Transaction T2 started before the last checkpoint, but had not completed at the time of the system crash. The changes written out by the checkpoint process for this transaction will have to be rolled back.
Transaction T3 started before the last checkpoint and committed after the checkpoint prior to the system crash. The changes made to the data after the checkpoint will need to be rolled forward.
Transaction T4 started and committed after the last checkpoint. This entire transaction will need to be rolled forward.

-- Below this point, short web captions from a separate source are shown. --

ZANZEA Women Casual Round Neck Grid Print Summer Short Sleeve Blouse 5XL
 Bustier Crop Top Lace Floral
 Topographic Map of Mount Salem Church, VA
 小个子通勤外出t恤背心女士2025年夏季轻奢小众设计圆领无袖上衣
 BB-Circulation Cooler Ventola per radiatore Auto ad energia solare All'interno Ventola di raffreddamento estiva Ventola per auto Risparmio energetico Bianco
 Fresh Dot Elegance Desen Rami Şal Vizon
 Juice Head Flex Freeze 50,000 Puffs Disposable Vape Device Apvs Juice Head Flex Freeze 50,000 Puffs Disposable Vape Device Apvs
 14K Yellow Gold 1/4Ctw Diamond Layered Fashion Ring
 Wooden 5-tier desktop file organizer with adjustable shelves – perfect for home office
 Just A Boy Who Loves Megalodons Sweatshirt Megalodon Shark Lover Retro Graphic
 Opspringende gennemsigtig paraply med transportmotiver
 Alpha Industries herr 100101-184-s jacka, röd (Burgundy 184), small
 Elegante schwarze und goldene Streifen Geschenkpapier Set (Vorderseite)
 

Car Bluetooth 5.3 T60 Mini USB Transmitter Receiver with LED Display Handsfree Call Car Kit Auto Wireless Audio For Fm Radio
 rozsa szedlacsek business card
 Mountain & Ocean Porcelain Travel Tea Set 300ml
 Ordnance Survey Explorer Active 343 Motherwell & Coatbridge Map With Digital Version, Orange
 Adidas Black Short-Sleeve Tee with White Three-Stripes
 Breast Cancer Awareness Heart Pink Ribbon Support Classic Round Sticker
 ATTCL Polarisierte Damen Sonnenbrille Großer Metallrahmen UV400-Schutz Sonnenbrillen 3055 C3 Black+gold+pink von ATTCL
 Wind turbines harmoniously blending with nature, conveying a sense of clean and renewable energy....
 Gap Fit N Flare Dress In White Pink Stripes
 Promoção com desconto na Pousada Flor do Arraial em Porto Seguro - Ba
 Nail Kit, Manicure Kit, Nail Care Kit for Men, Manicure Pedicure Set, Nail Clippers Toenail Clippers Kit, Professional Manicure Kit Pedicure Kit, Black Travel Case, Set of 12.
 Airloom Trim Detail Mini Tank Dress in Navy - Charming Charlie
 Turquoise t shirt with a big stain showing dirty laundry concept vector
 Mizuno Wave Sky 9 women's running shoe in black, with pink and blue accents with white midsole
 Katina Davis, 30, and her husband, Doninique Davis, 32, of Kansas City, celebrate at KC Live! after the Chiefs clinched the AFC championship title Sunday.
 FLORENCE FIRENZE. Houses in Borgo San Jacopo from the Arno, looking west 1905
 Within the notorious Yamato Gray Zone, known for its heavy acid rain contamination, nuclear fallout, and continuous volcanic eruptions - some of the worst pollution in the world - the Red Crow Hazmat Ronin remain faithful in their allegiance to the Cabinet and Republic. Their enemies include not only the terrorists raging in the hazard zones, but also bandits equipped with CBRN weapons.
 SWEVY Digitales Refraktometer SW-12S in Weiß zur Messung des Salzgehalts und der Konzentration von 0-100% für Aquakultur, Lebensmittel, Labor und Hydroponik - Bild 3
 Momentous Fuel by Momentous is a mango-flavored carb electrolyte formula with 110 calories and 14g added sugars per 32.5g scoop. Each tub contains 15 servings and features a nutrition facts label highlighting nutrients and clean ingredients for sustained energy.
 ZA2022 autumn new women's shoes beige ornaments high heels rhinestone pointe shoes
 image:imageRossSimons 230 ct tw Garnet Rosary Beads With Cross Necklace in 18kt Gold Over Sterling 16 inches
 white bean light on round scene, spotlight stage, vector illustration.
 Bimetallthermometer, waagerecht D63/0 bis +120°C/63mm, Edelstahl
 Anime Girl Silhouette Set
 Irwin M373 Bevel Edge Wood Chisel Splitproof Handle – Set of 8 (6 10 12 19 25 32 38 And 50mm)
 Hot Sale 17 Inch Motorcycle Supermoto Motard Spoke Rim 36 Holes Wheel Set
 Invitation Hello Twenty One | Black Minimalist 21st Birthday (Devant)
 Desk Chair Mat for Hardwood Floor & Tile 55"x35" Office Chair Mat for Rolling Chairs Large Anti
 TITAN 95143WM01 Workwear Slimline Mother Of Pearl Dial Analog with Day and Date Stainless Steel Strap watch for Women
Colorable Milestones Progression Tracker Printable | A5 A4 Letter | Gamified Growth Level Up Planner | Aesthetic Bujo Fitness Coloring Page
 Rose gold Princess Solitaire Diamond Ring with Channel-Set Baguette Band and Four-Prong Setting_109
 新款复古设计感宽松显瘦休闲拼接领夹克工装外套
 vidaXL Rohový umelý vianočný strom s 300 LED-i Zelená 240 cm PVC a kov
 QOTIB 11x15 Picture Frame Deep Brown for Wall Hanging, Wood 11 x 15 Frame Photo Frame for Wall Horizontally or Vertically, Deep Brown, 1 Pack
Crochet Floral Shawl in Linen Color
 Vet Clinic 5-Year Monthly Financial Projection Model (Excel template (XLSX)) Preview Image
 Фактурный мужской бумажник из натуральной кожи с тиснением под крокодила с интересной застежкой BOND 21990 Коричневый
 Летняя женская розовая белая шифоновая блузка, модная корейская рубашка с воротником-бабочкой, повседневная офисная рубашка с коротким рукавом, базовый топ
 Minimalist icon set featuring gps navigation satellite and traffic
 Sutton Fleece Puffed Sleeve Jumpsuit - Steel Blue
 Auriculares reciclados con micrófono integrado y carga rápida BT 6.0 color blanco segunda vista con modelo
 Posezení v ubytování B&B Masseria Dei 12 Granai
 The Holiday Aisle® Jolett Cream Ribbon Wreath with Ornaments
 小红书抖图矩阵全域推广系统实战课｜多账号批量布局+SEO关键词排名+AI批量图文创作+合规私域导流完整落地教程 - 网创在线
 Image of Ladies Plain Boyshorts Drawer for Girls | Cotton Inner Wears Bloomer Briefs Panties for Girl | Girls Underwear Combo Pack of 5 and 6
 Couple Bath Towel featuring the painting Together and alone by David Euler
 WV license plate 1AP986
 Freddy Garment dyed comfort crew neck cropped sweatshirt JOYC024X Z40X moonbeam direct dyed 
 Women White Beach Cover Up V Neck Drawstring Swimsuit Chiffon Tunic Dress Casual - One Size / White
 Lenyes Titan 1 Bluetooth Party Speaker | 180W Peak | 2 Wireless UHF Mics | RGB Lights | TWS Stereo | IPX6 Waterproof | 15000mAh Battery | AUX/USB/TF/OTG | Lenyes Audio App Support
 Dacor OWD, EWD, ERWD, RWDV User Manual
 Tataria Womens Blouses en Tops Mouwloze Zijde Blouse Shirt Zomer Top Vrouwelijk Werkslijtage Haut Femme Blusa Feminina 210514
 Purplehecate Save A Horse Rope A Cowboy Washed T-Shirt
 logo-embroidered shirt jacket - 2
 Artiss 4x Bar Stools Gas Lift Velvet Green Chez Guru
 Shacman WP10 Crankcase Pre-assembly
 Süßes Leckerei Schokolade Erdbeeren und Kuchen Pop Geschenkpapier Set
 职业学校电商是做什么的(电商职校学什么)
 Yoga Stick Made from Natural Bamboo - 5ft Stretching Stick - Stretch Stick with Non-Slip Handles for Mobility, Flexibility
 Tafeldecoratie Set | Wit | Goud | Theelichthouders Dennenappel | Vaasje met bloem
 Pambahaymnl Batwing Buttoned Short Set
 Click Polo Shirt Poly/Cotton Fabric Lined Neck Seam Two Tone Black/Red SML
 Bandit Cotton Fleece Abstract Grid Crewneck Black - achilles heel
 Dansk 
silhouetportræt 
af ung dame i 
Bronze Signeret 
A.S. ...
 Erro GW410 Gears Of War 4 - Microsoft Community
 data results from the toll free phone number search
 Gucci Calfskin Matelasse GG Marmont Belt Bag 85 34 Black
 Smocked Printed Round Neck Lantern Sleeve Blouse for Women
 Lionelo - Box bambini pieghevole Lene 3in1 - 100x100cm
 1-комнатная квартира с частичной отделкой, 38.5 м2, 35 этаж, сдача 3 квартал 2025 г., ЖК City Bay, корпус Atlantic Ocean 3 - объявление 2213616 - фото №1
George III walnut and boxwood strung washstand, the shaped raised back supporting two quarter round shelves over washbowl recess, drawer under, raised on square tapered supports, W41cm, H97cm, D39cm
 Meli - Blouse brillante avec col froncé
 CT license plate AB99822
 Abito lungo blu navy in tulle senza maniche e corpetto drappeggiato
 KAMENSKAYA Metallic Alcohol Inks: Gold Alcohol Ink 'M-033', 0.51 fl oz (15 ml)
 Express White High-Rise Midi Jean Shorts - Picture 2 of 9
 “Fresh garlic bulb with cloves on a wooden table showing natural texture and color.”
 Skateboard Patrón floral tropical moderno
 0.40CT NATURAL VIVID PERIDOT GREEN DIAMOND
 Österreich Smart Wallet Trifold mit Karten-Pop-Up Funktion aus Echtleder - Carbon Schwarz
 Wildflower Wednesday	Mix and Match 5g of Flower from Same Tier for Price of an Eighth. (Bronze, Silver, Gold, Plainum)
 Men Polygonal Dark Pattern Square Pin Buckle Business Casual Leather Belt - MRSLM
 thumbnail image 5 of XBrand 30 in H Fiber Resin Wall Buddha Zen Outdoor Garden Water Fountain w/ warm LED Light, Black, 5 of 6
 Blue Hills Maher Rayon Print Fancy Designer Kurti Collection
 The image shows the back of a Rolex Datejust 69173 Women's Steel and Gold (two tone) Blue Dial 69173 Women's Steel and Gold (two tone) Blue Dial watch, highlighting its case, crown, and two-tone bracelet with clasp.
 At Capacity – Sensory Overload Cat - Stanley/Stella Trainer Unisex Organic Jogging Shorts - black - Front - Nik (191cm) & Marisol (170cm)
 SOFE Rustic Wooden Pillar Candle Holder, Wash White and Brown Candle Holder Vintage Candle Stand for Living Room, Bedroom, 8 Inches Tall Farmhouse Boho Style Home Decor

Transaction T5 started after the last checkpoint, but no changes to the data were recorded in the log, so no data changes were written to the data. (Remember: Changes must be written to the log before they can be written to the data.) No undo action is required for this transaction.
In a nutshell, this type of analysis is pretty much the same analysis the recovery process would do. To identify the number of transactions rolled forward or rolled back during recovery, you can examine the SQL Server error log and look at the recovery startup messages for each database:
2001-06-13 17:07:00.06 spid8 Starting up database 'pubs'. 2001-06-13 17:07:00.07 spid9 Starting up database 'Northwind'. 2001-06-13 17:07:00.07 spid10 Starting up database 'bigpubs2000'. 2001-06-13 17:07:01.85 spid5 Clearing tempdb database. 2001-06-13 17:07:02.07 server SQL server listening on 10.244.174.172: 1533. 2001-06-13 17:07:02.07 server SQL server listening on 127.0.0.1: 1533. 2001-06-13 17:07:04.86 spid8 48 transactions rolled forward in database 'pubs' (5). 2001-06-13 17:07:05.03 spid8 0 transactions rolled back in database 'pubs' (5). 2001-06-13 17:07:05.33 spid8 Recovery is checkpointing database 'pubs' (5) 2001-06-13 17:07:06.10 spid5 Starting up database 'tempdb'. 2001-06-13 17:07:06.96 spid3 Recovery complete.